Let $f$ be defined on $\mathbb{Q}\cap [0,1]$ and $$S(f) = \lim_{n \to \infty}\frac{1}{n}\sum_{k=1}^{n}f(\frac{k}{n})$$Assume that $\{f_n\}$ be a sequence of functions such that for every $n$, $S(f_n)$ exists. If $f_n$ converges uniformly to $f$ on $\mathbb{Q}$, prove that $$\lim_{n \to \infty}S(f_n)$$ exists and $S(f_n) \to S(f)$.
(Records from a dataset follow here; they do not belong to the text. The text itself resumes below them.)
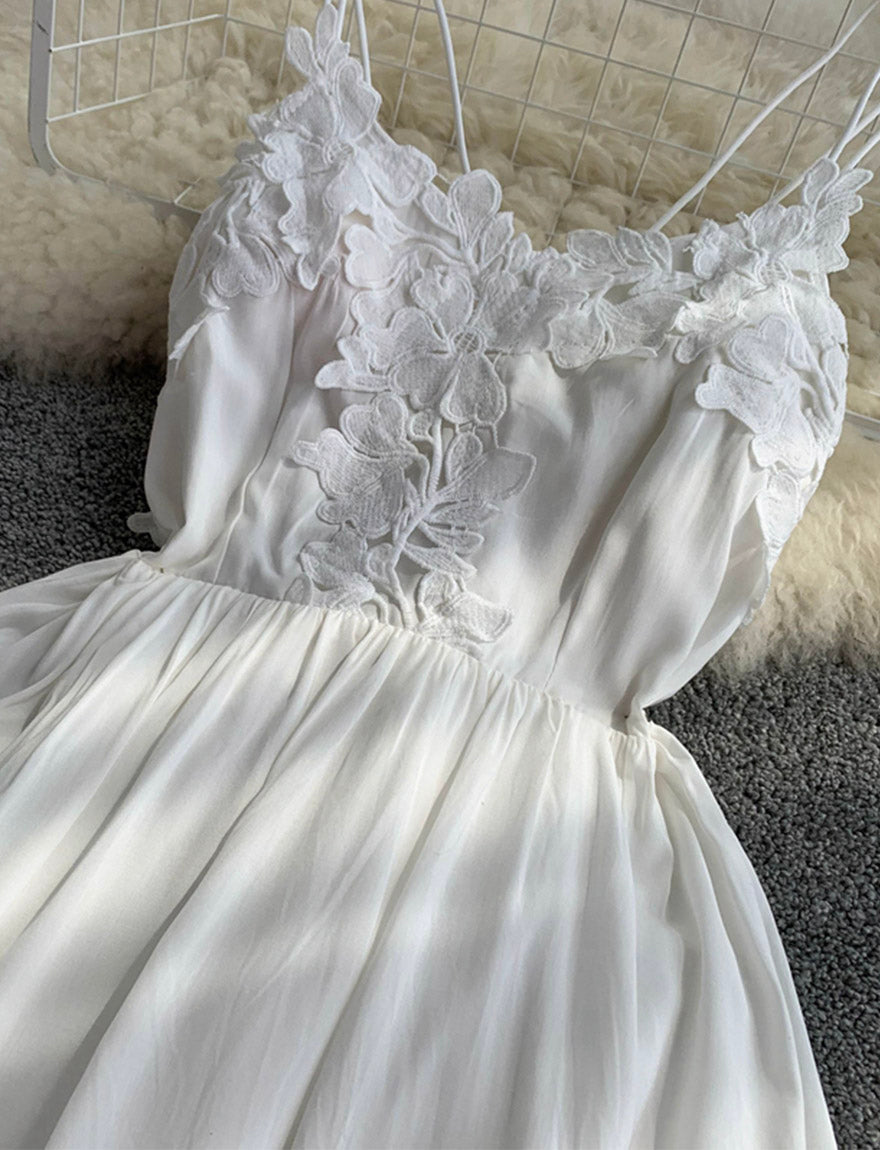 Robe dos nu en dentelle blanche pour fille 1167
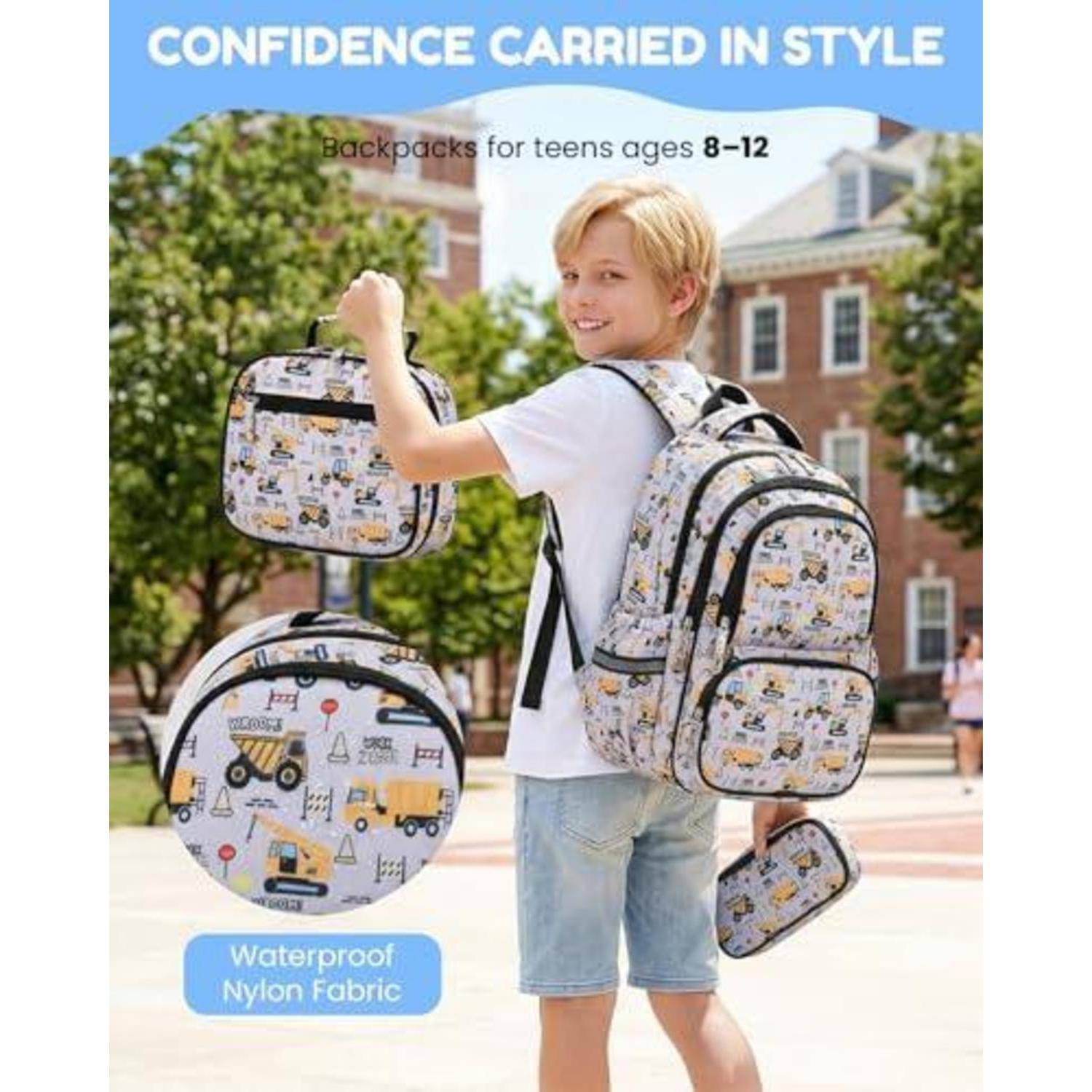 Teenagerboy präsentiert einen gemusterten Rucksack und eine Lunchbox im Freien; der Anzeigentext sagt „Selbstvertrauen stilvoll getragen", „Rucksäcke für Teenager im Alter von 8-12 Jahren"" und „Wasserdichtes Nylongewebe"".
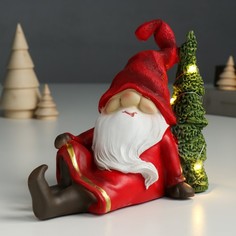 Новогодний сувенир NoBrand 9498824 Дед Мороз в красном наряде сидит у ёлочки 14х7х18 см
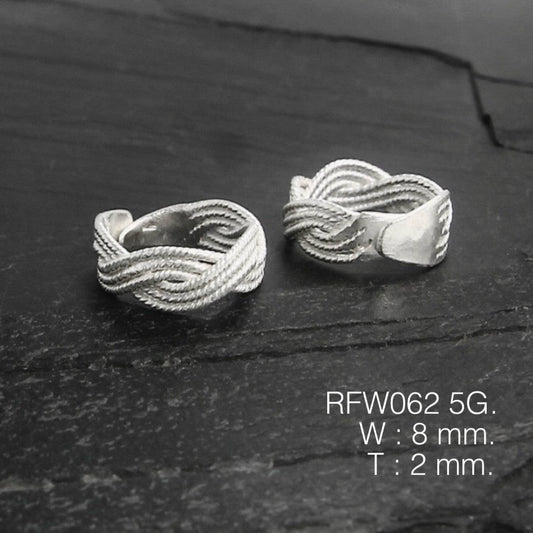 The promise of valor. Wear this unique, handmade White Knight silver ring as a symbol of nobility.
My try: I don't know how to deal with $\mathbb{Q}\cap [0,1]$ because it has zero measure and the summation is the Riemann sum, $$S(f) = \int_{0}^{1}f(x)dx$$ Also is the first $f$, which is defined on $\mathbb{Q}\cap [0,1]$, same as the second $f$? I'm confused about this because I think the second $f$ should be defined on $\mathbb{Q}$ in order to "$f_n$ converges uniformly to $f$ on $\mathbb{Q}$" has meaning.
Edit: I'm taking my first real analysis course and I'm not familiar with Equidistributed sequence and Weyl's ergodic theorem.
The result follows from the inequality
$$\left\vert \frac{1}{n}\sum_{k=1}^{n}f(\frac{k}{n})-\frac{1}{n}\sum_{k=1}^{n}f_m(\frac{k}{n})\right\vert \le \Vert f - f_m\Vert_\infty$$ valid for any $n, m \in \mathbb N$ which implies $$\vert S(f) -S(f_m)\vert \le \Vert f - f_m \Vert _\infty$$ for all $m \in \mathbb N$.
Note: no need to use integration here.